Figure 1. An overview of the MVP architecture

The infrastructure consists of Kubernetes pods carrying out different tasks:

  • Spark Master managing cluster resources
  • Workers — where Spark executors are spawned
  • Jupyter servers assigned to each user

When users launch PySpark applications from those Jupyter servers, Spark drivers are created in the same pod as Jupyter and the requested executors in worker pods.

This architecture enabled our users to experience the power of PySpark for the first time. Data scientists were able to quickly grasp Python UDFs, transform features, and perform batch inference of TensorFlow models with terabytes of data.

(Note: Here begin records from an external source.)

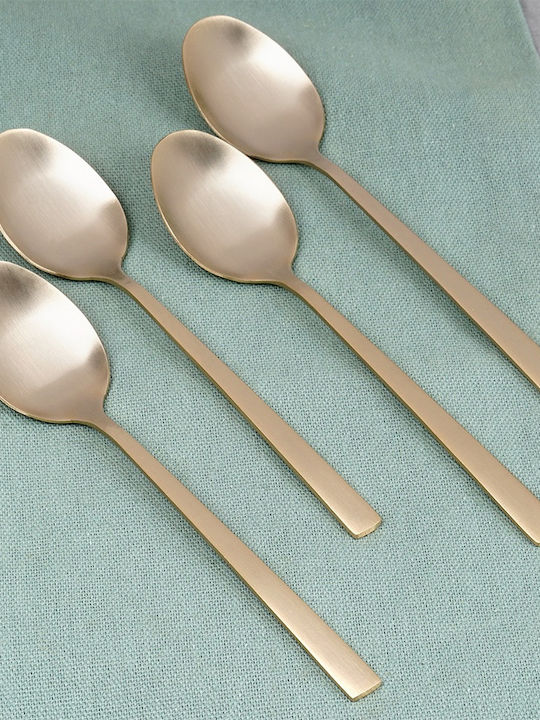 Set Of Gold Inox Coffee Tea Spoons 4 Pieces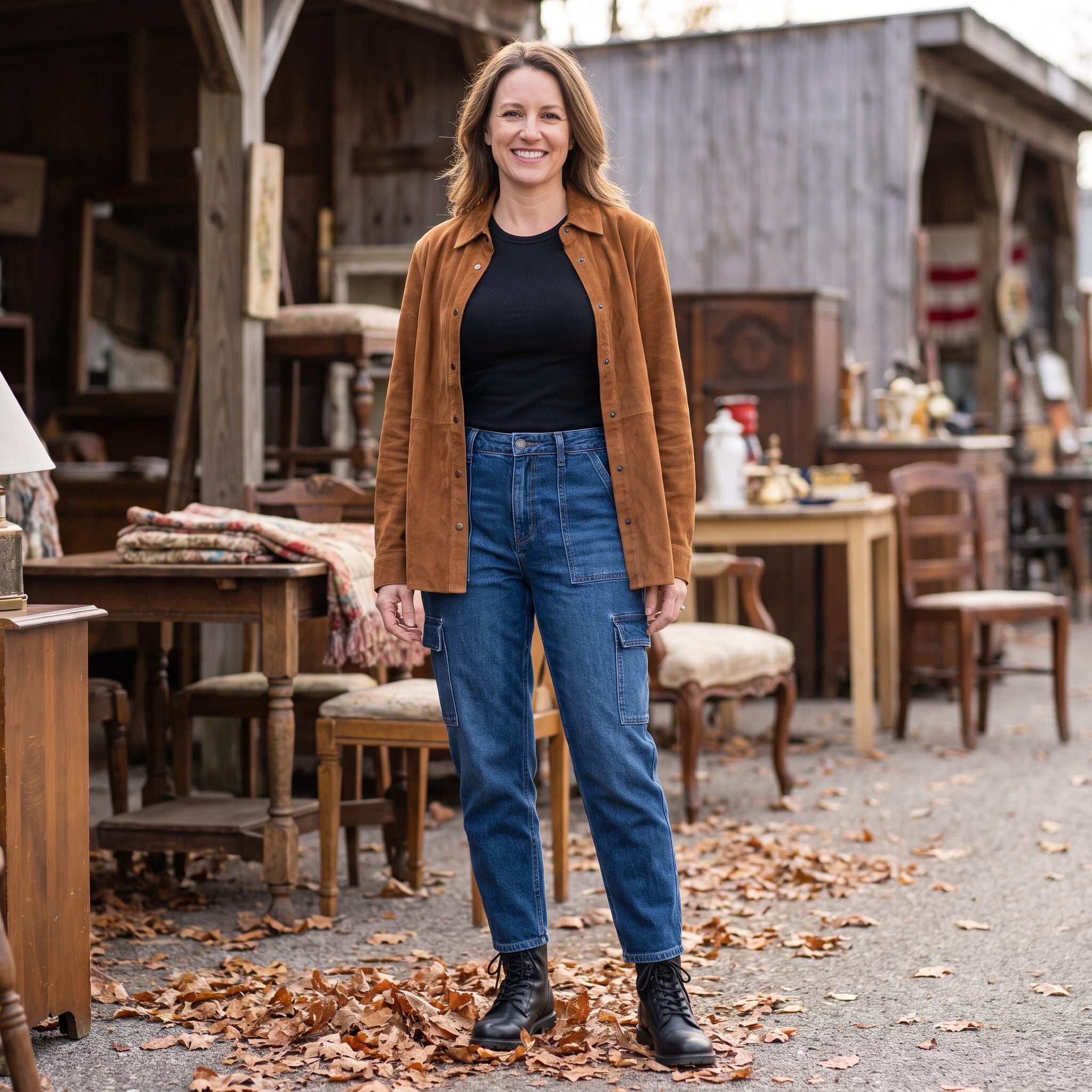 Fall outfit with cargo jeans, a tobacco suede overshirt, and a black tee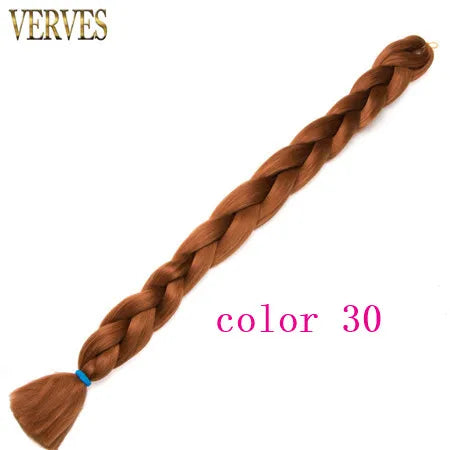 Braiding Hair One Piece Synthetic 82 Inch Heat Fiber Braid 165g/Piece Black Pure Color Jumbo Braid Hair Extensions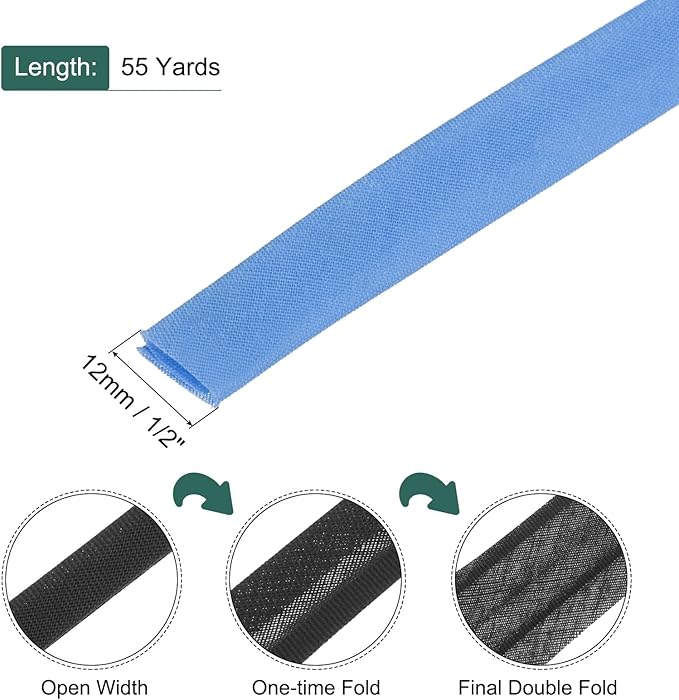 MECCANIXITY 1/2 Inch Double Fold Bias Tape Polyester Continuous Bulk Bias Tape for Sewing,Seaming Quilting Hemming Binding Crafts (Blue 55 Yards)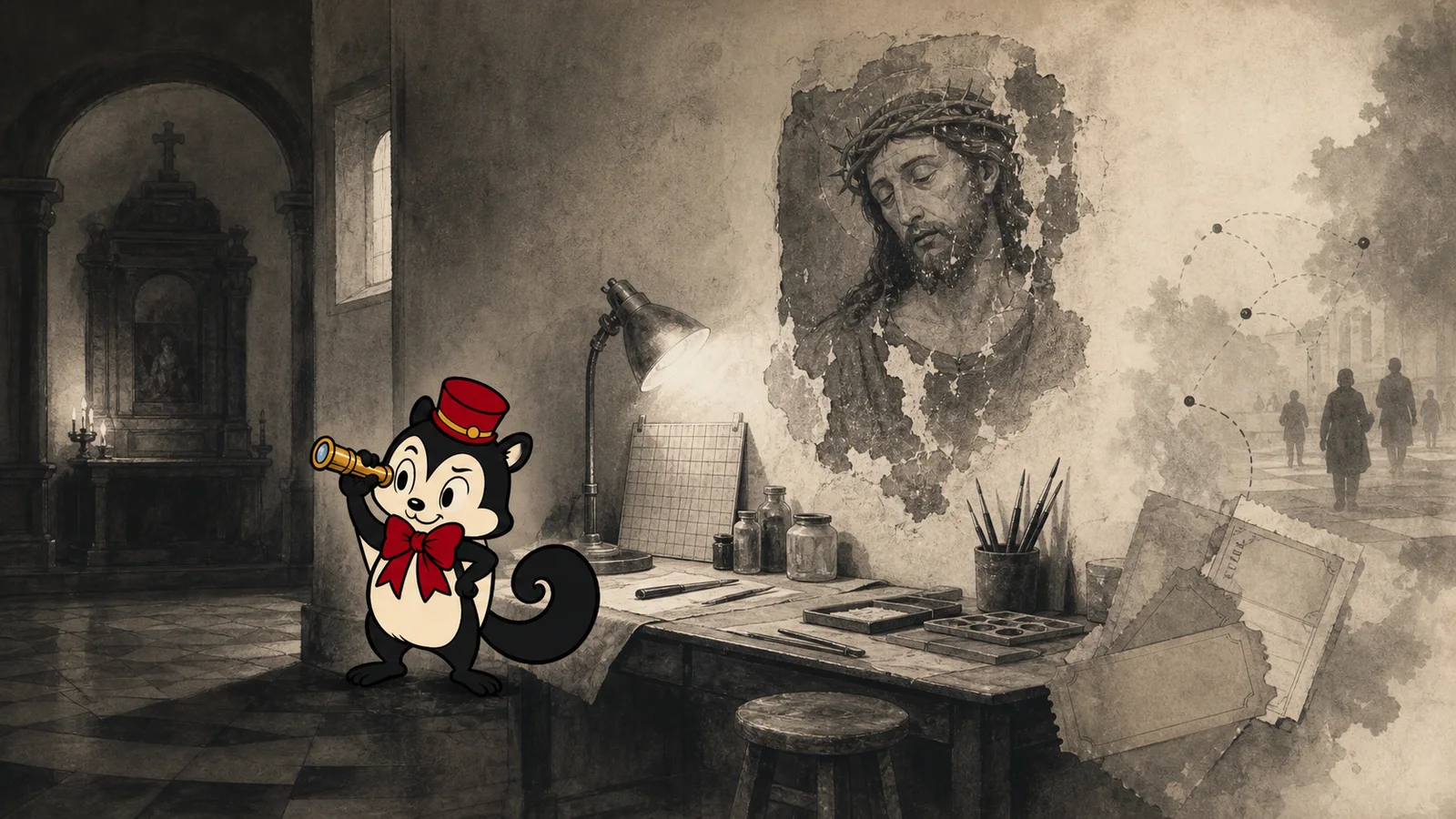 Momo examines a weathered devotional wall painting as its material history gives way to a web of visitors and memories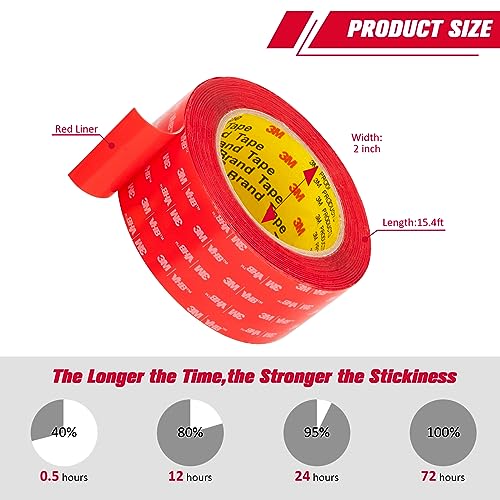 3M Heavy Duty Double Sided Tape 2''x15.4Ft Mounting Tape, 0.04in Thick Clear 4910 Adhesive Waterproof Foam Tape for Car Home Office Deco - color: Clear, size: Width 2"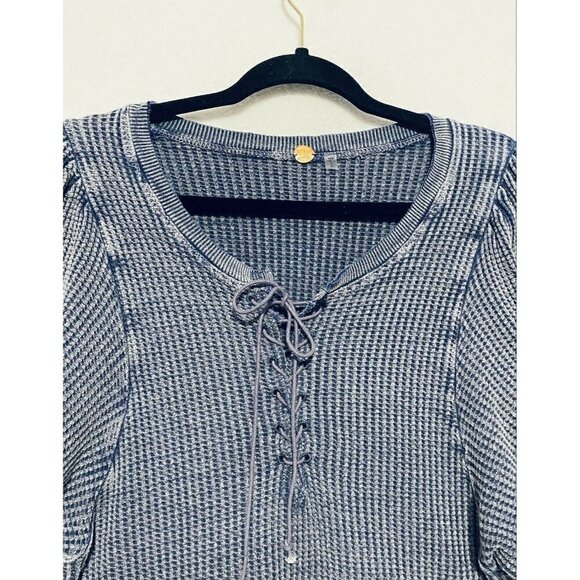 Free People FP One Top Womens Medium Blue Hayden Thermal Dolman Puff Sleeve Boho - Picture 4 of 10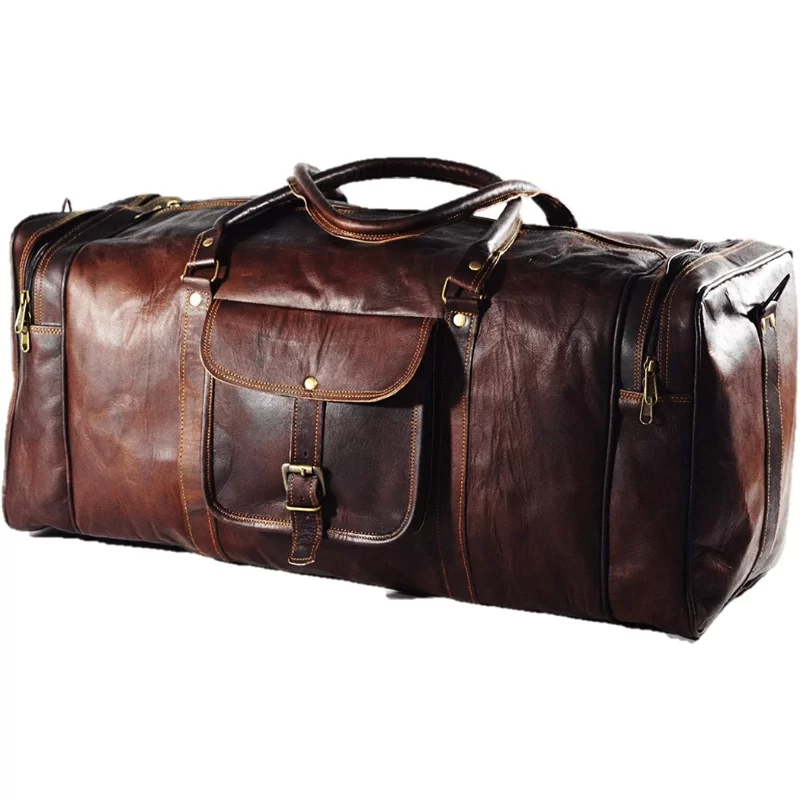 Duffel Bag Genuine Vintage Brown Leather Goat Hide 24″ Travel Luggage Bag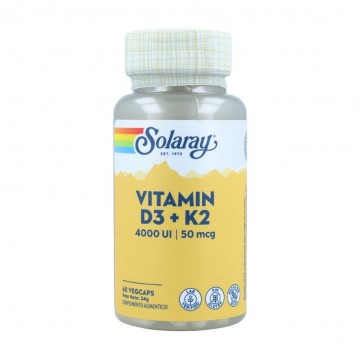 Vitamina-D3+K2 SinGluten 60caps Solaray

This architecture, however, had some limitations:

  • Jupyter notebook and PySpark driver share resources since they are in the same pod.
  • Driver’s port and address are hard-coded in the config.
  • Users can launch only one PySpark application per assigned Jupyter server.
  • Python dependency per user/team is difficult.
  • Resource management is limited to FIFO approach across all the users (no queue defined).

As the demand for PySpark grew, we worked on a production-grade PySpark infrastructure based on Yarn, Livy, and Sparkmagic.

Production-grade PySpark infrastructure

Figure 2: An overview of the production architecture

In this architecture, each Spark application runs on the YARN cluster. We use Apache Livy to proxy between our internal JupyterHub, the Spark application and the YARN cluster. On Jupyter, Sparkmagic provides a PySpark kernel that forwards the PySpark code to a running Spark application. Conda provides isolated Python environments for each application.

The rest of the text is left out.